Anyone living in the nine contiguous Central Illinois counties can be a CEFCU member. Also, Caterpillar employees, Caterpillar dealers, and retirees, along with their families can join. There are a few other small groups that our regulator has authorized us to serve, but they represent less than two percent of total membership.

Some would say that the original purpose of credit unions becomes a little distorted when, in reality, anyone in a particular geographical area can join a credit union. There are currently some legal challenges. Your critics in the banking industry would argue that credit unions aren’t playing on a level playing field because credit unions have the advantage of not paying federal income taxes. And they would say that the “common bond” that was the historical basis for membership in a credit union (company employment, for example) no longer exists since nearly anyone can be a member today. How do you answer your critics?

Let ours be the level playing field. If they feel we have it so darn good, why don’t’ they convert to a credit union charter? They’re free to convert to a credit union charter anytime they want. That’s my answer. If it’s so good, join us!
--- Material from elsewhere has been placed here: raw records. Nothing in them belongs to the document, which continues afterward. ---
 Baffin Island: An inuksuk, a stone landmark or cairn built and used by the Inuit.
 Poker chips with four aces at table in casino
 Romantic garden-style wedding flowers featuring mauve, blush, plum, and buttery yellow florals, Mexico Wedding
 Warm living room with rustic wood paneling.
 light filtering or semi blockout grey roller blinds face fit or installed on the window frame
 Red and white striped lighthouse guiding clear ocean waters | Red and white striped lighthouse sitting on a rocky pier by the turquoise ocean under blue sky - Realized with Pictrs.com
Of course, the primary reason they’re not going to do so is that we are not allowed to offer stock options for a select few owners and officers. The bankers will never give up their options.

Credit unions will face more lawsuits from the bankers who don’t want competition. It will eventually get real ugly. I actually look forward to it. I look forward to the fight because we hold the high ground of serving member/owners of limited means as if they were millionaires.
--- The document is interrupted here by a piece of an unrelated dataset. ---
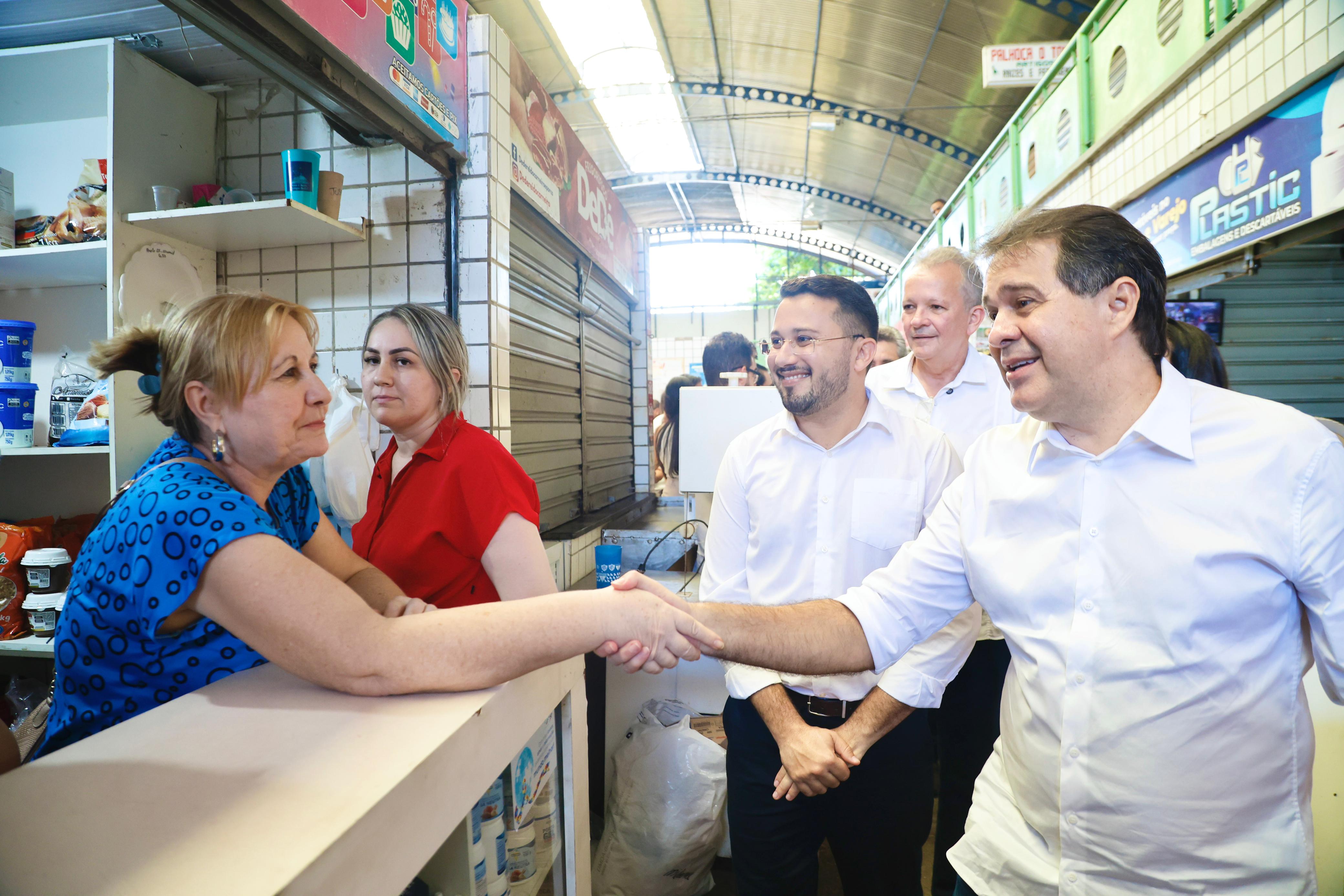prefeito cumprimenta uma feirante que está num balcão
I’ve been a long-time advocate of getting rid of fields of membership and serving people of limited means, not just serving the affluent of the world. Cat employees among our membership make twice as much as the non-Cat employees. If CEFCU had to dispense with serving anybody other than Cat people as the bankers propose, then we would be serving only affluent people. Congress will never buy that.
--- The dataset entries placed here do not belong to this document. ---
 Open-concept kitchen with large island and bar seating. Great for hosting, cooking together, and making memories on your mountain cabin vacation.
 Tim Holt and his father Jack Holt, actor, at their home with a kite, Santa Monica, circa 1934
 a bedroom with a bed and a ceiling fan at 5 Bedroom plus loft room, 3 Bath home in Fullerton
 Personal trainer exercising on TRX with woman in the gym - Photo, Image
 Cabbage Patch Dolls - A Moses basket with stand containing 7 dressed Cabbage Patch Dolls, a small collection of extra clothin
If the courts determine the Credit Union Act of 1934 is vague, then Congress will have to clarify it so we can continue serving people of limited means along with the affluent.

Banks are owned by shareholders and the profits go to the shareholders. How does that work for a credit union? What is your competitive situation with local banks?

Every credit union member is a shareholder or owner. We have 210,000 member/owners. Dividends are paid to members’ savings accounts. In general, credit unions pay higher rates on savings than banks. We offer better savings rates, better loan rates, and free checking – that’s how the member/owners get paid.

Our competitive situation today is better than ever. It was a lot harder to compete with Commercial National Bank than it is going against First of America. We love it that decisions have to be made is Kalamazoo. The more jobs and money they send to Kalamazoo and elsewhere, the easier it is for us to talk about the out-of-state “carpetbaggers.”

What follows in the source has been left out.